Ha venduto bene, sarà perché non è male, sarà perché Marcella Meciani, la ex direttrice di “Mondolibri” è un genio. Il libro mi piace. Ancora adesso se lo sfoglio mi diverto.... continua
Se avete figli da zero a diciotto anni oltre a riconoscervi potrete usarlo in alcuni suoi capitoli come manuale.
Ogni capitolo di “Scemo come tuo padre” tratta un momento saliente della vita di genitori e figli. Ma soprattutto declina una verità: chi ha figli, spesso torna indietro nel tempo e inconsciamente rivive il suo passato di bambino.
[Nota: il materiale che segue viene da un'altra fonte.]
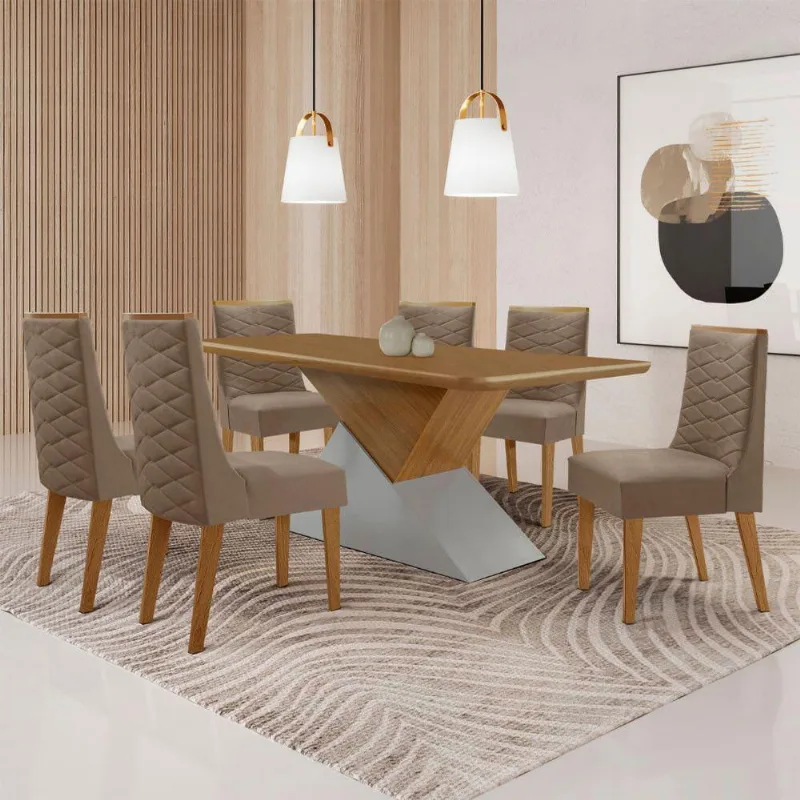 Mesa Sala De Jantar Aster 180cm E 6 Cadeiras Safira Moderna Veludo Capuccino Off White Imbuia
Un passato che è dietro l’angolo, anche se risale a trenta quaranta cinquanta sessanta o settant’anni fa. Passato che sembra sopito e che invece quando nasci e cresci un figlio a un certo punto risbuca fuori. Un passato fatto di frasi dimenticate, e che solo i tuoi genitori usavano con te. Abitudini o scoperte apparentemente sepolte dalla vita di adulto, con un figlio si ripresentano in tutta la loro smagliante bellezza.
Il peggiore. Si poteva fare di meglio e di più. Un libro scritto su commissione della Mondadori. L’idea era scrivere, con il solito stile, un libro sul rapporto di coppia. Eccolo. ... continua
Ci sono cose interessanti, ma tutto sommato non vale la pena. Il titolo non l’ho scelto io, ma gli editor. Ho provato a contrastare la scleta di un titolo da me non gradito ma non sono stato capace di proporre di meglio. Chissà, ve ne metto un saggio. Ora vado a spulciare. Anzi no.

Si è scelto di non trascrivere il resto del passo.